To commemorate the life of Dr. Martin Luther King, Jr. I am linking to a post I wrote on this occasion in 2008 that tried to expose readers to the fact that towards the end of his life, King was actively campaigning against a wide range of injustices, not just racial ones.

People sometimes forget that he was widely read in politics, economics, history, and philosophy and used all of them in his writings, especially the later ones, to forcefully make the case for justice.

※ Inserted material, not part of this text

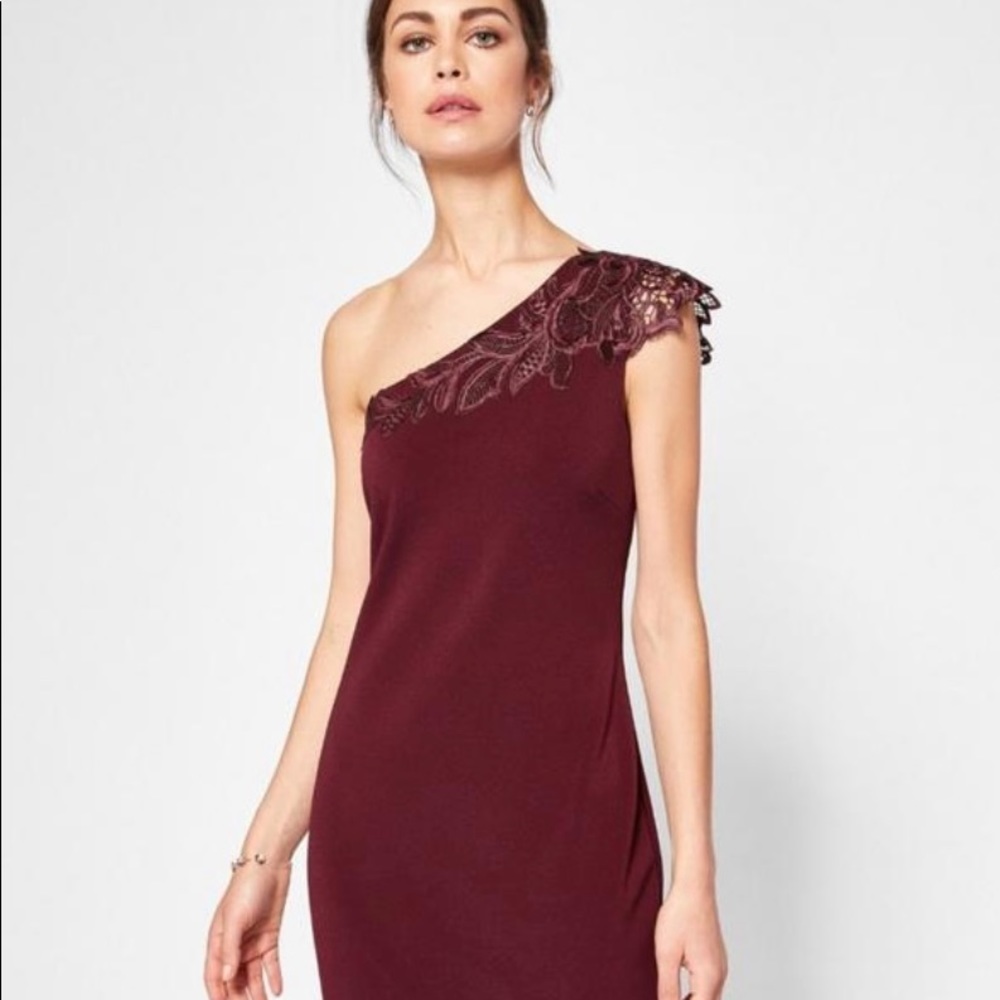 Ted Baker One Shoulder Dress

  1. 'Tis Himself, OM. says

    The quote of King’s that I remember is not from the “I have a dream” speech but from a later one given in 1967:

    There are forty million poor people here, and one day we must ask the question, “Why are there forty million poor people in America?” And when you begin to ask that question, you are raising a question about the economic system, about a broader distribution of wealth. When you ask that question, you begin to question the capitalistic economy. And I’m simply saying that more and more, we’ve got to begin to ask questions about the whole society. We are called upon to help the discouraged beggars in life’s marketplace. But one day we must come to see that an edifice which produces beggars needs restructuring. [emphasis added]

    King also said:

    We read one day, “We hold these truths to be self-evident, that all men are created equal, that they are endowed by their Creator with certain inalienable rights, that among these are life, liberty, and the pursuit of happiness.” But if a man doesn’t have a job or an income, he has neither life nor liberty nor the possibility for the pursuit of happiness. He merely exists.

  2. F says

    Hey, didn’t Dr. King know that any kind of capitalism or anything self-described capitalists want to call capitalism is good capitalism? Who put a bee in his communist bonnet?

  3. says

    If the Occupy Movement could join forces with the African-American Community, perhaps channeling the spirit of MLK as excerpted above, we could have a potent force on our hands. But throughout American history, such logical coalitions of the economically exploited have rarely, if ever, succeeded. The first rule of oligarchy is divide et impera.